The Size of Thoughts
Julia Weist
295 10th Avenue
7 February - 4 March 2008

Our bodies are defined by certain physical perimeters and constraints. While we can't transgress the material possibilities which constitute those bodies, we often challenge and explore their potential for the sake of pleasure, pain, or even pain for pleasure. When art asks us to position our bodies, that irrefutable mound of mass that we can't shake or change too drastically, in relation to the work at hand, the arising conflict is immediate because no inanimate object could ever be a distinct source of comparable measure to any of our basic faculties. Julia Weist's exhibition, The Size of Thoughts, presents a physical barrier to the work, specifically the glass window that blocks our immediate path to the objects on view. Weist's exhibition at 295 Tenth Avenue, a site curated monthly by Lumi Tan, presents sculptures made of discarded and reconfigured paperbacks and asks us to size up our own material presence in relation to these once narratively inscribed objects (books and images) that are here sculptures intended for distanced inspection and investigation. In this work, thoughts become material objects as the once immaterial narrative form of the novel is turned into shredded pieces of repurposed wood, the basic foundation for the paper upon which these words were printed is reduced to its constituting stuff. The piece, titled Lumber, made from ripped margins of discarded romance novels, is a new take on MDF, an industrial wood reborn as M.D.F, "Made of Discarded Fantasies."

Julia Weist, "The Size of Thoughts", reproduced detail from exhibition card
Julia Weist, The Size of Thoughts, reproduced detail from exhibition card
Spectators can only view the exhibition like a peep show in which discarded information becomes the striptease of words and ideas. Weist creates, in effect, naked bodies made of objects that she presents in their physical wholeness for our bodies to size up. Next to the MDF of the M.D.F. we find Weist's other project: a novel about a sexy librarian whose sexual escapades get her two STDs and a novella worth of torrid adventures. The peepshow of the 295 window doesn't reveal any more than the gaze can capture (although you can buy the book and read the narrative yourself).

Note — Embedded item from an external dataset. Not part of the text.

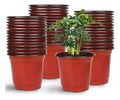 Macetas Termoformadas Jardinería 10 Unidades 9 Cts. Marrón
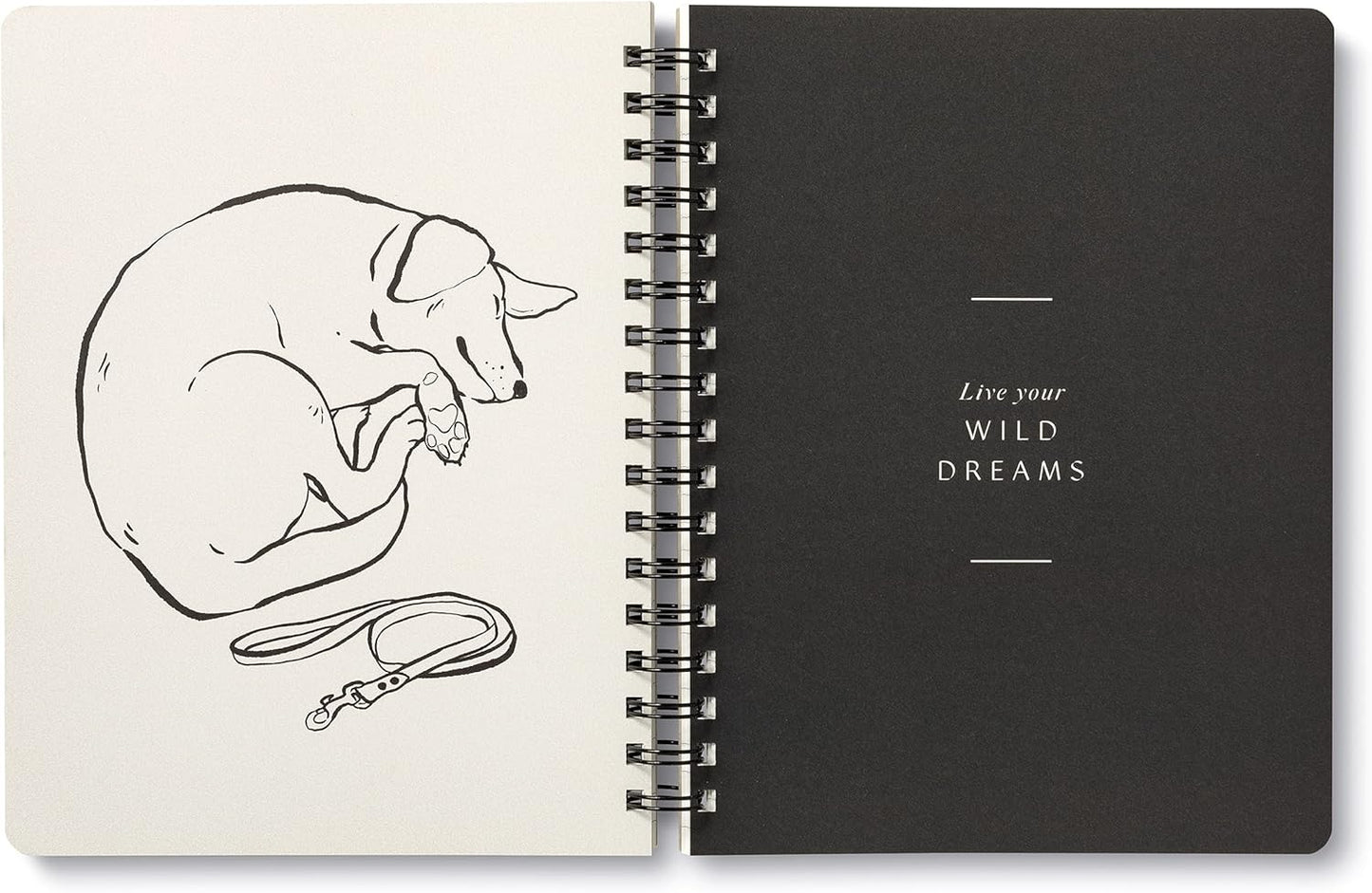 Compendium Spiral Notebook - Play All Day — A Designer Spiral Notebook with 192 Lined Pages, College Ruled, 7.5”W x 9.25”H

Instead, Weist installs the book in a real MDF frame, placed next to another romance novel — the ultimate of disposable literary genres — this one written by Weist's deceased step-grandmother two years prior. The objects presented force the viewer to face the presence of the stories enclosed in a physical case that precludes any ability to delve into the ideas they would otherwise suggest or communicate. In Weist's work, thoughts can only occupy the physical size of the source material on which they were originally inscribed, the substance that makes their material composition: whether it's a novel about romance or hot sex, or the wood used to frame the book's cover turned it into something we can see but can't touch.